By: Nancylyn Hogarty, Strategist
Homebound consumers with plenty of time on their hands are turning to DIY projects for entertainment, to solve supply shortage problems, and just to make something good out of a rough situation.
Since the beginning of March, DIY mentions have increased steadily – and many of these DIY conversations are happening within Coronavirus related mentions (Synthesio, April 2020).
Many examples of DIY projects involve upcycling or repurposing household items into products that are in short supply. Content featuring creative development of masks, homemade hand sanitizer, and hands-free products for use around the house or in businesses is plentiful.
Brands & DIY
Engaging consumers in new ways, especially to meet a pressing need, isn’t just a good idea during quarantine – it’s good for a brand’s long-term health. Brands that act with empathy and purpose today are cementing relationships that will endure post-COVID-19.
Much of the DIY conversation and activity is in expected categories – kids, crafts, cooking, and home décor/improvement. Helping consumers master something they already enjoy is how brands in those categories build loyalty. For them, this kind of DIY content has always been a natural fit. But we’re now seeing them step out in new and surprising ways.
Ragu recently shared a post on Instagram with easy instructions to create a DIY herb planter using empty pasta sauce jars. The post cleverly encouraged three things: consumption of Ragu’s core product, reuse of its packaging, and cultivating herbs that enhance Ragu on the plate.
View this post on Instagram
There’s never been a better time to create your own food sources. Start small by filling the bottom of an empty RAGÚ® pasta sauce jar with pebbles for drainage and top with soil. Then, plant some seeds for fresh herbs to add to your favorite recipes. Pro tip: get the kids involved for a fun, at-home activity. #kidsathome #activitiesforkids
Bombay Saphire partnered with Skillshare to offer three months of free classes via their new learning platform Create From Home where they share not only cocktail recipes, but high-end DIY projects as well.

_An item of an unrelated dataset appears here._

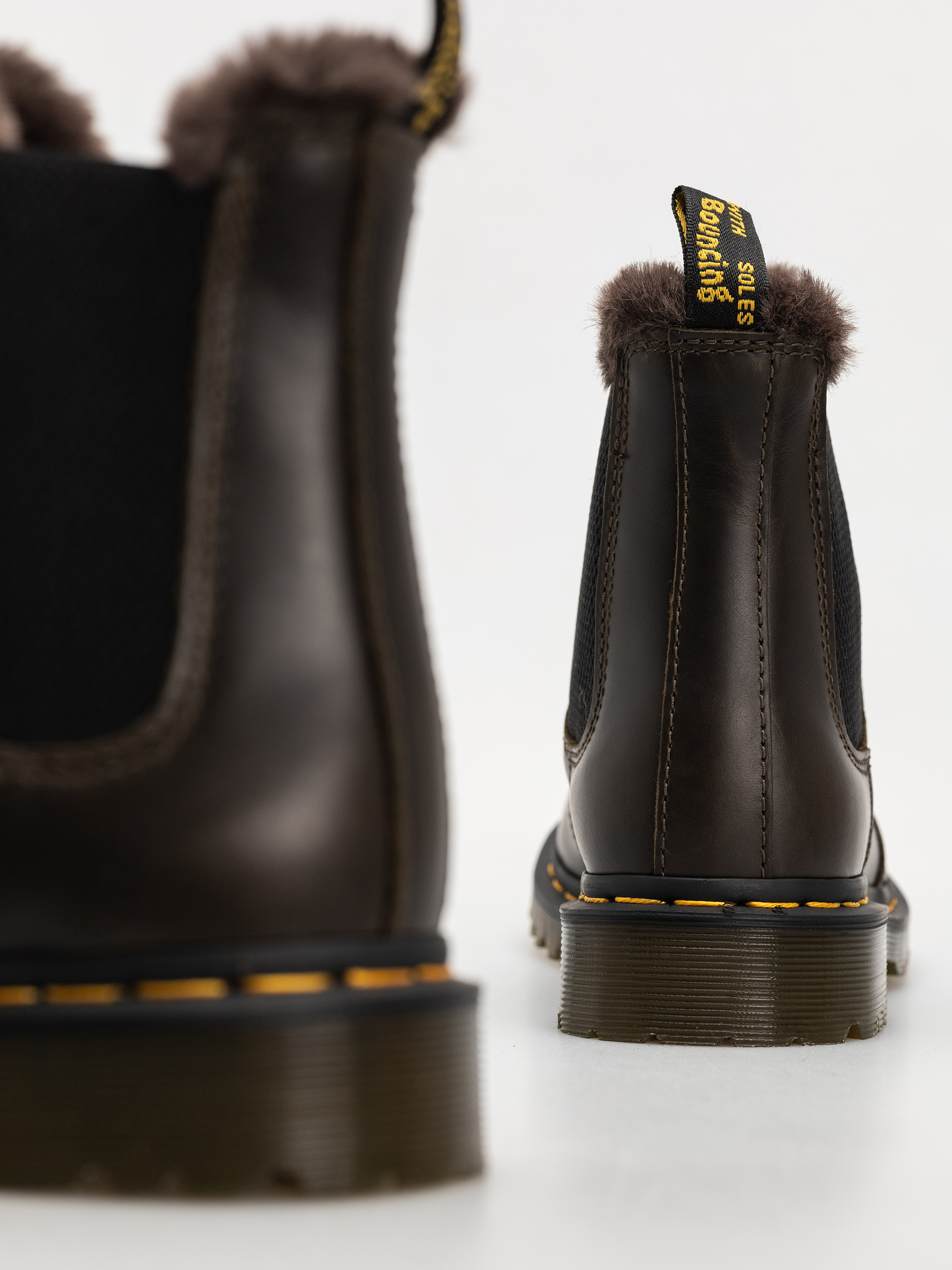 Dr. Martens 2976 Leonore Chelsea Wmn Schuhe (dark taupe taupe orleans)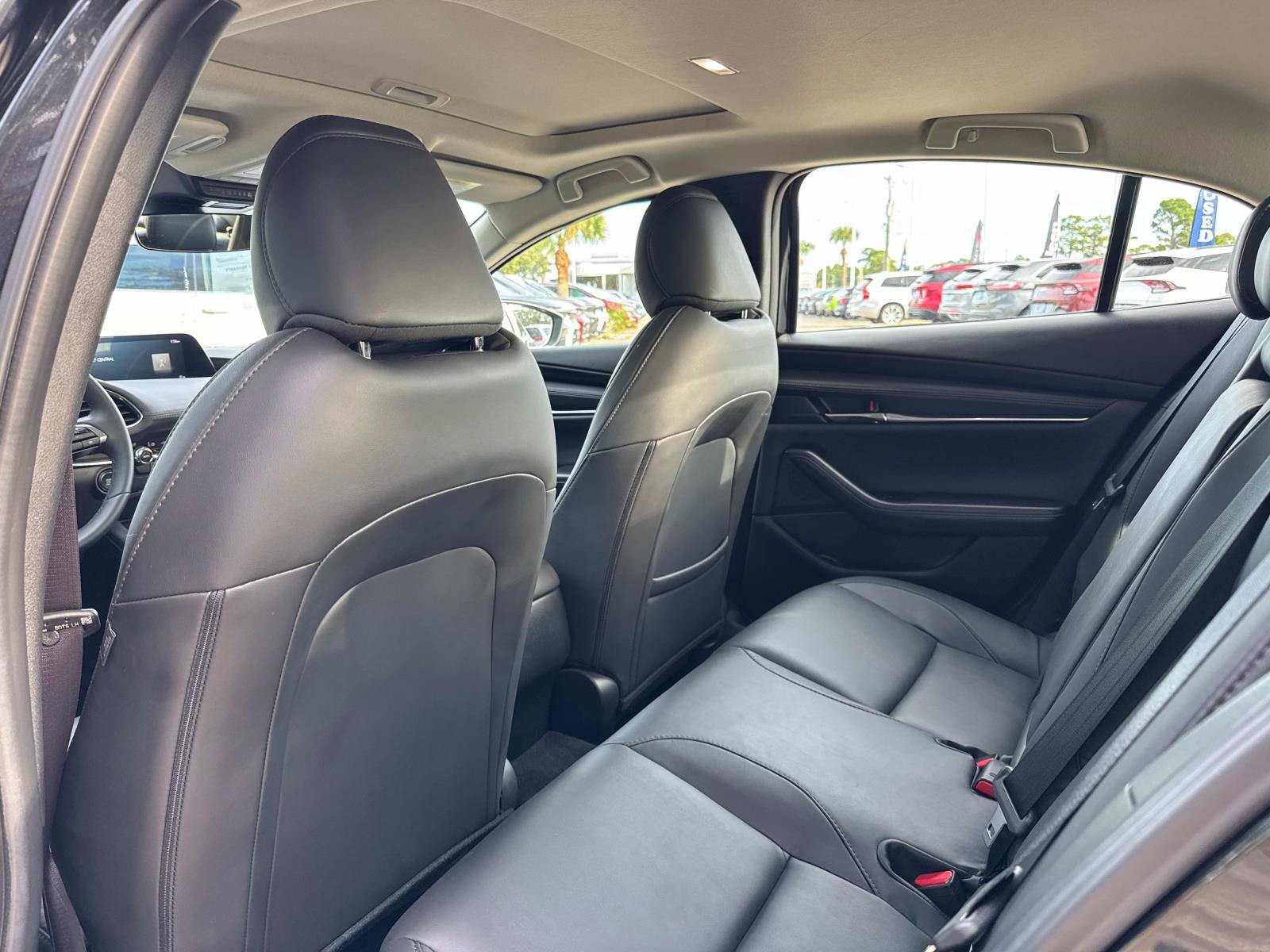 Used 2024 MAZDA MAZDA3 s image 15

Some brands have moved to support front-line health workers and are asking consumers to do the same through DIY activities. For example, Lowes is now encouraging quarantined DIYers to #BuildThanks for first responders and essential workers with yard signs.
The current climate has created a need and appetite for a much wider array of brands, and those beyond the traditional DIY sphere, to lend their voices and expertise with DIY content.
Burger King gave fans a peek inside the bun when it shared the ingredients needed for a Quarantine Whopper to maintain brand connection without the visit. And, Circle K leveraged its role as a snack destination to help make movie night in more fun with a tutorial for creating an at-home projector from a box.
With this DIY trend in mind, here are some questions consumer brands and marketers should be asking:
How can brands help consumers create the experiences consumers are craving right now?
How can brands encourage consumers to engage with their products in new and unique ways?
How can brands support consumers who want to improve their skill or mastery in some area?
How can brands take authenticity to another level, sharing what’s deeply true, even proprietary about the brand?
How might brands engage their consumers to solve real problems for individuals, families and communities?